Wren e Miguel si conoscono sul campo, ognuno impegnato ad approcciare la tragedia a suo modo; dopo pochi scambi di sguardi capiscono di essere fatti l’una per l’altro, dando vita ad una melodrammatica unione, fatta di frasi irripetibili e gesti di quotidiana sdolcinatezza, poco utili nell’economia della storia.
Il problema principale de Il Tuo Ultimo Sguardo è in effetti proprio questo: l’assenza di un asse narrativo portante che dia un senso all’inserimento di questa storia d’amore all’interno di una tematica di tragica attualità.

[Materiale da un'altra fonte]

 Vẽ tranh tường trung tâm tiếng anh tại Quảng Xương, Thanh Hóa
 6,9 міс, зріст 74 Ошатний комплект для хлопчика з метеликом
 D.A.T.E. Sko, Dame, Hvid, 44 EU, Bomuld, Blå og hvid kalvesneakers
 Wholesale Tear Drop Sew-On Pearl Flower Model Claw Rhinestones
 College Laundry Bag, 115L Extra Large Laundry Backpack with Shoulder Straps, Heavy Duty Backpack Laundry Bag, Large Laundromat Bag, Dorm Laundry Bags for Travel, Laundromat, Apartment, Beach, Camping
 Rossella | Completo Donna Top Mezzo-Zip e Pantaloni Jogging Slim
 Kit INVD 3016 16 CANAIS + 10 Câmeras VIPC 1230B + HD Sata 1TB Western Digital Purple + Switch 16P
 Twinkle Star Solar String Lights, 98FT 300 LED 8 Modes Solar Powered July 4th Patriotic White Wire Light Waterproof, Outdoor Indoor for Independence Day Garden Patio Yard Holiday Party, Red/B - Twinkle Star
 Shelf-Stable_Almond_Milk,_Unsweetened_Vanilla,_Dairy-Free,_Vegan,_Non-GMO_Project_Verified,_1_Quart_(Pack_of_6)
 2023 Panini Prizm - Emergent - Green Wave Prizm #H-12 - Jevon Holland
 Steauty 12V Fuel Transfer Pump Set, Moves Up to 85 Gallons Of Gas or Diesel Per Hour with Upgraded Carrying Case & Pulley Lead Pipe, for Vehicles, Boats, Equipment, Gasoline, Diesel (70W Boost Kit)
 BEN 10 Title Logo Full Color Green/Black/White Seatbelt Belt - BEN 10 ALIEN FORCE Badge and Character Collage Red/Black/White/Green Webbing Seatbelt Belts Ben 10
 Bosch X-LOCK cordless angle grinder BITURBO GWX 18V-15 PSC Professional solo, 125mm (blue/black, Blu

Un elemento che avrebbe potuto rendere attraente e ancor più comunicativo l’approccio documentaristico ad un tema così triste e complesso, ma qui gestito maldestramente a causa di una regia presuntuosa ed una sceneggiatura talmente improbabile da rendere comico il drammatico. L’ennesima manifestazione della recente tendenza a pontificare sui massimi sistemi di Sean Penn, che in The Last Face sembra perdere di vista il fatto che non si dovrebbero realizzare dei film per il semplice gusto di dare spazio e vita alle proprie elucubrazioni mentali da – pur rispettabilissimo – attivista.
E così fra scene che virano nella sceneggiata e risate strappate fra un’immagine tragica ed un’altra, questa prova da regista dalla quale ci si aspettava di più dopo il successo di Into The Wilde, risulta decisamente non superata, facendo affiorare numerose domande su come possa essere finito un film del genere in concorso a Cannes e respingendo il sospetto terrificante che cast, regista, budget, tema impegnato e coinvolgimento (inutile) di un grande come Hans Zimmer per le musiche (che comprendono ridondante e odioso ritorno didascalico di Otherside dei Red Hot Chili Peppers, resa addirittura orchestrale), possano portarlo dritto dritto alla notte degli Oscar. Zeus ce ne scampi e liberi.